This leads to the question of whether America can be the instigator of that change. Intuitively, since democracy means self rule, it would seem that this is something people must do for themselves, not something that can be introduced by outsiders. But history contradicts this intuition. America, the first modern democracy, has been a powerful engine spreading democracy elsewhere. At its most active, America has done this by force of arms; at its most passive, simply by setting an example from which others have borrowed. In between these two extremes, the United States has intervened on behalf of democracy by nonviolent means: with diplomacy, foreign aid, international broadcasting, and even covert political manipulations.

Germany, Japan, and other members of the Axis alliance of World War II are democracies today thanks to us military occupation. The states of the former Soviet bloc are mostly democracies in part because of American efforts to undermine Soviet power. us broadcasting that kept truth and hope alive behind the iron Curtain and us financial and technical assistance that aided the transition from communism also contributed to this outcome. The states of Latin America are almost all democracies in part because of diplomatic pressures by the Carter and Reagan administrations that delegitimated military dictators. Much the same can be said of the Philippines, South Korea, and Taiwan.
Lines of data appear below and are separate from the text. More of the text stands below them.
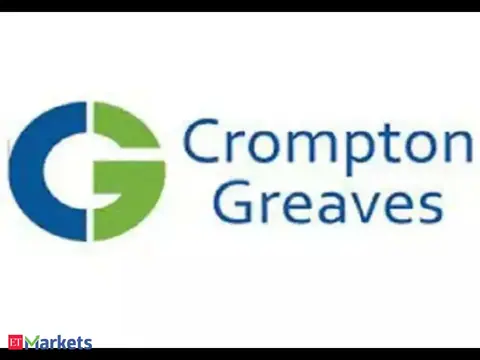 Crompton Greaves Consumer Electricals Ltd Q2 Results: Profit surges 65% to Rs 124 crore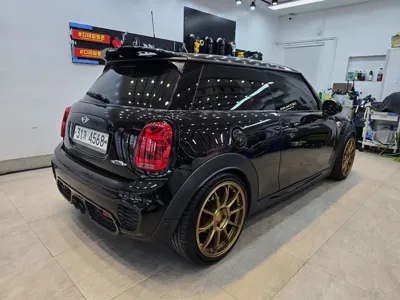 MINI Cooper 2017, 142747 км, за 12800000 KRW - фото 2
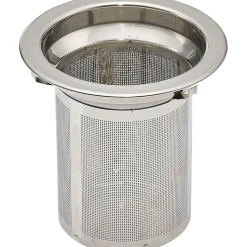 Gifi Théière en verre avec infuseur inox 900ml Outlet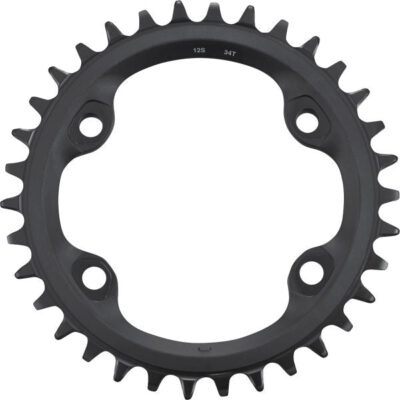 SHIMANO Kettenblatt FC-MT610 34 Zähne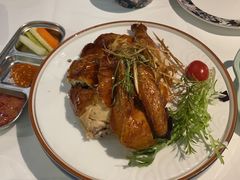 -花样西贡·蜜越餐厅·法式越南料理(水晶城店)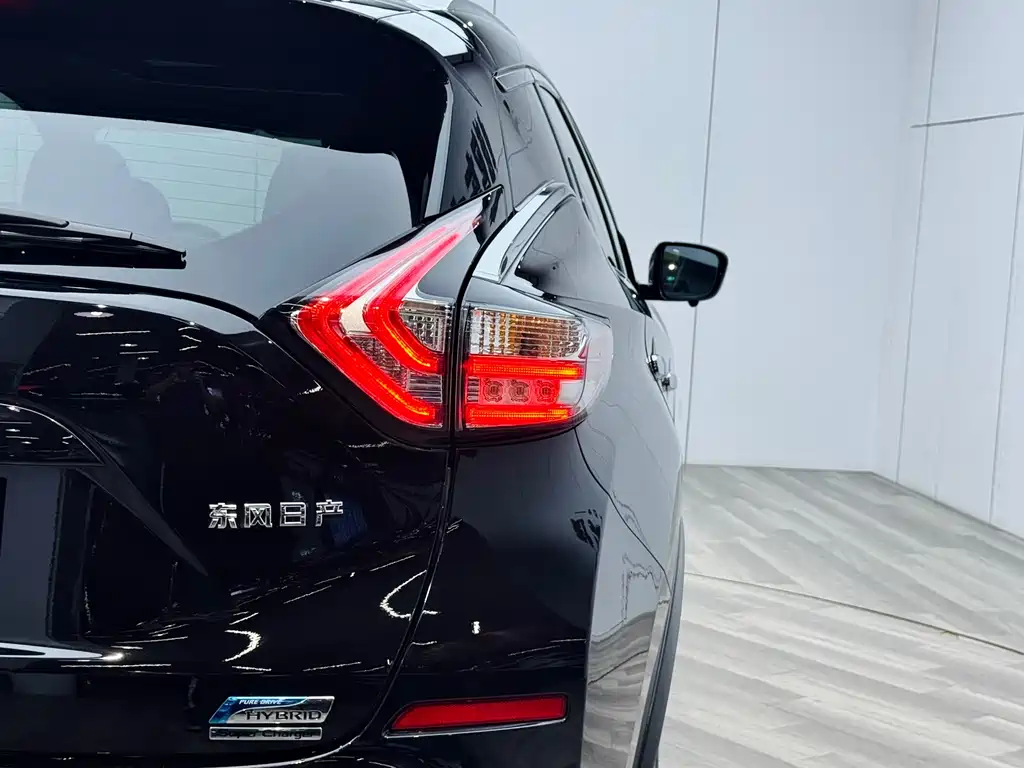 CR-V 2017 2.5 S/C HEV XL 4WD Hybrid Prestige Edition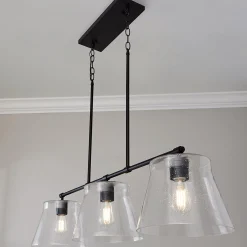 Davalyn Island Chandelier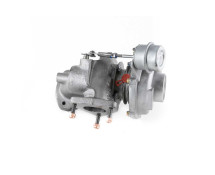 Turbo pour LAND ROVER Defender 2.5 Td5 122 CV 452239-5009S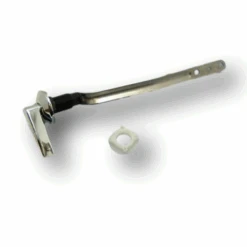 Kohler 77785-CP Trip Lever Assembly Chrome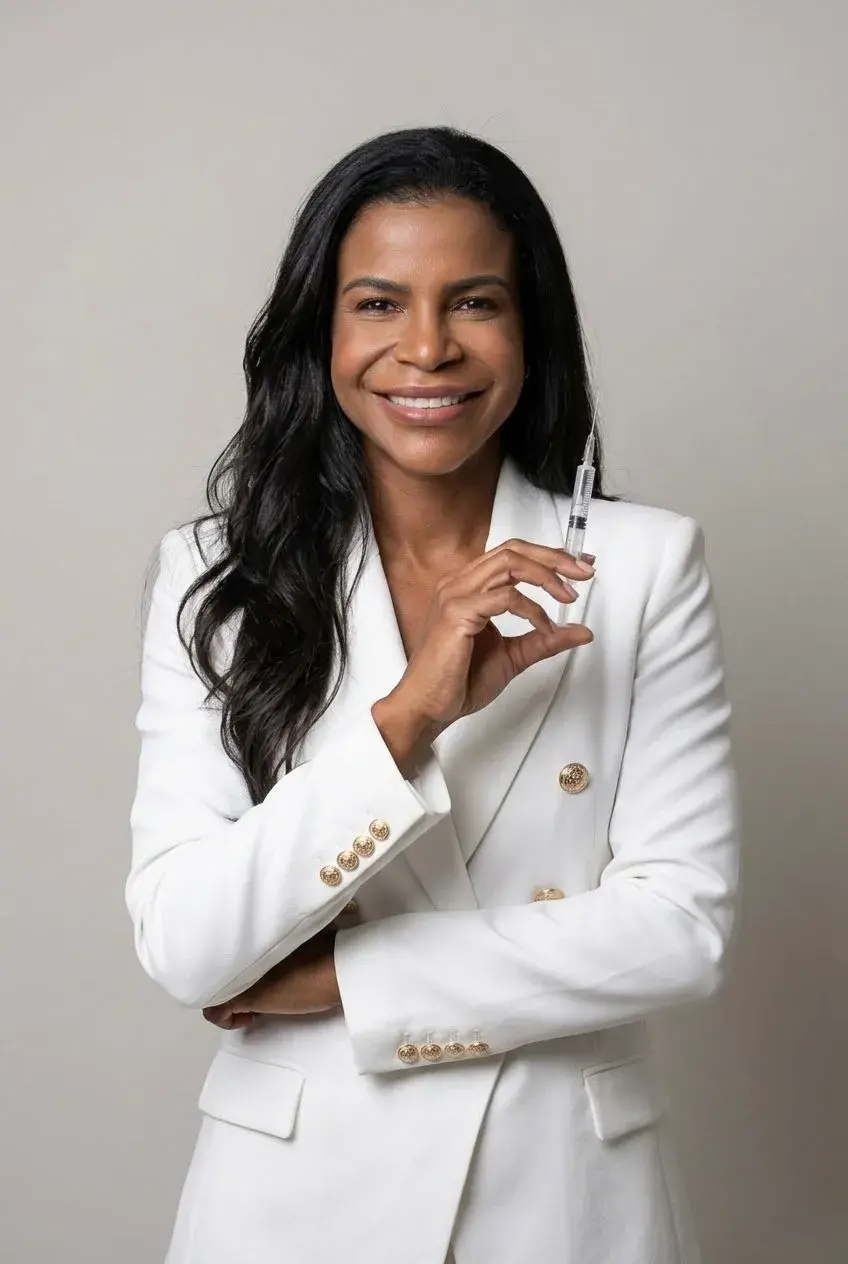 Enfa. Patrícia Lopes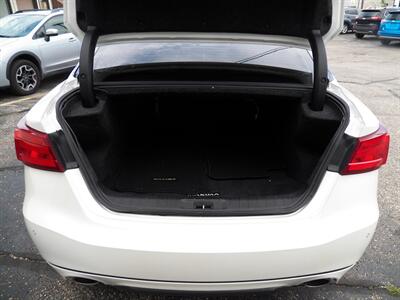 2018 Nissan Maxima 3.5 SV - Photo 9 - Mishawaka, IN 46545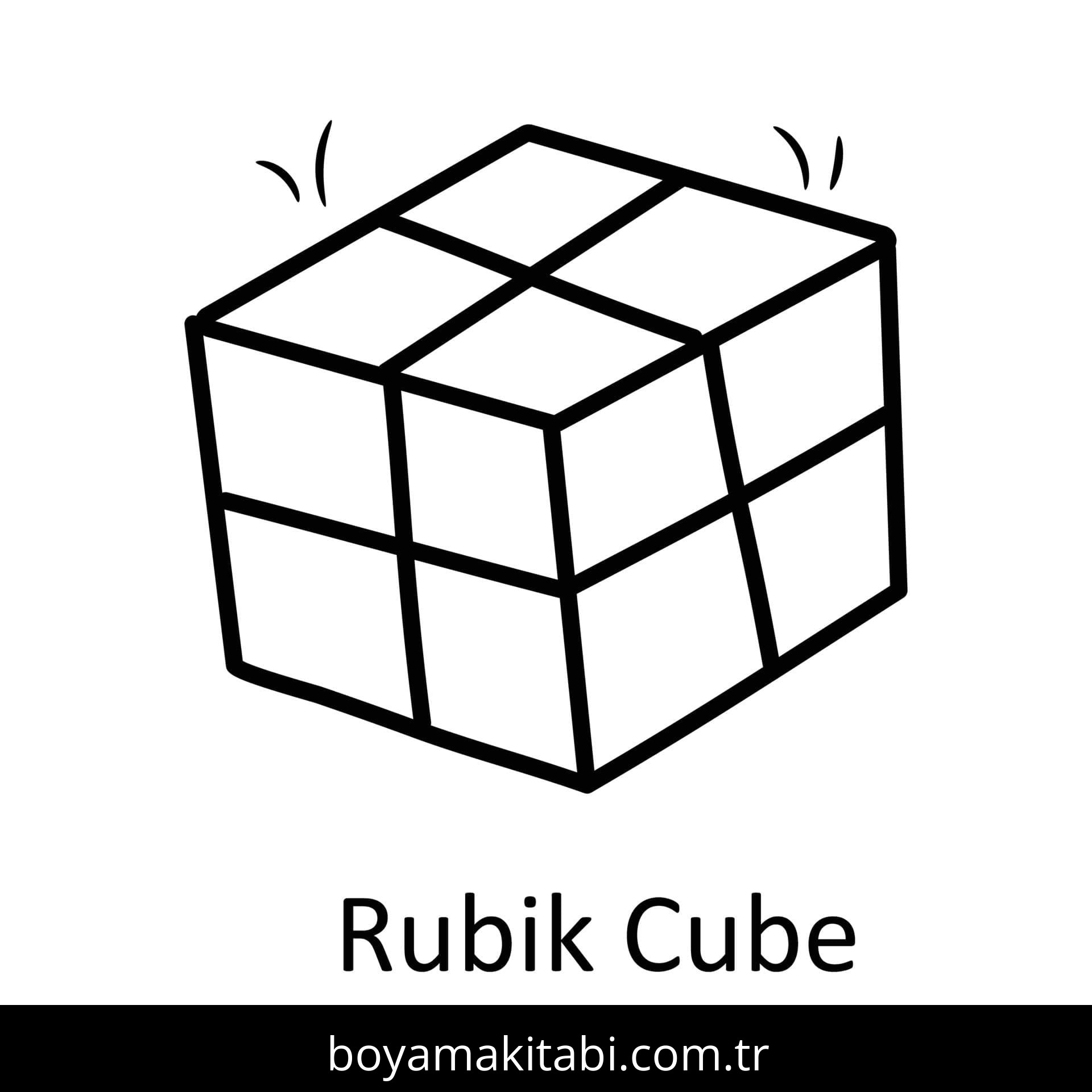 Rubik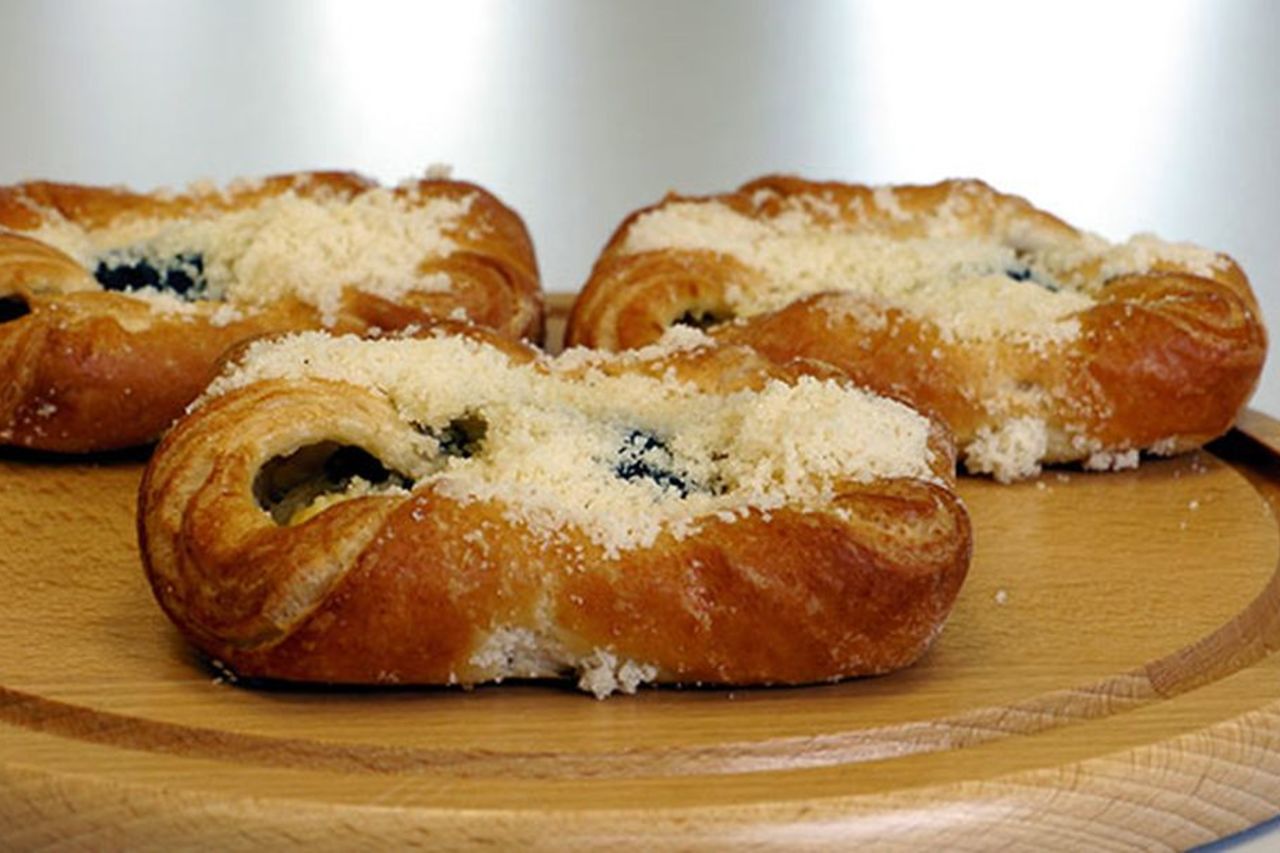 jsme pekařství, tak vám postupně přiblížíme naše TOP výrobky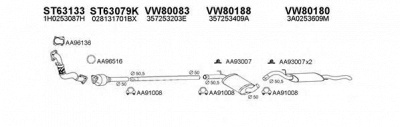 VENEPORTE 800148 -
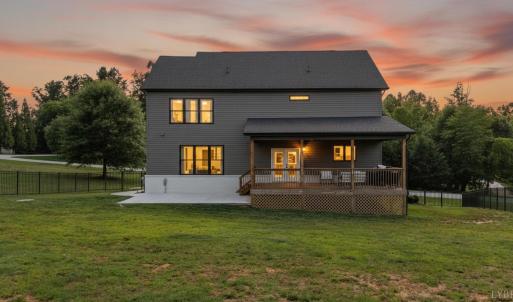 Photo #8 of 1248 Destiny Lane, Forest, VA 0.5 acres
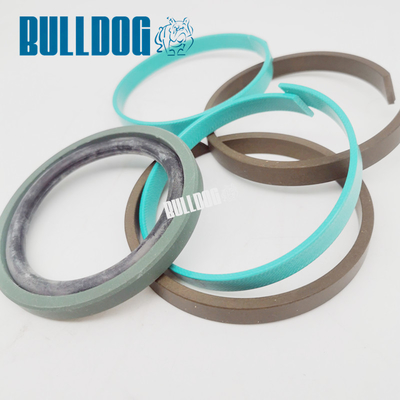 3112022 Liebherr piston mühürleme kiti A900C A904C R912 R914B A900C-LI, R904C LI, R904C HD-SL 2000 LI, R912HD-SL, R912 LC için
To foment democracy in the Middle East, overthrowing the regime of Saddam Hussein was a good start. His was the most entrenched, recalcitrant, murderous, and dangerous of the Arab tyrannies. And historically Iraq stands second only to Egypt as a pole of influence in the Arab world. If US efforts to implant democracy in Iraq take hold, as they did so successfully elsewhere in the post World War II occupations, this will greatly encourage democrats in the other Arab countries. And it will greatly increase the pressure for concessions felt by their rulers. It will have just as much effect on neighboring Iran, not an Arab country but one that significantly influences and is influenced by its Arab neighbors. The replacement of Iran's theocracy by a genuine democracy would also reverberate loudly across the region.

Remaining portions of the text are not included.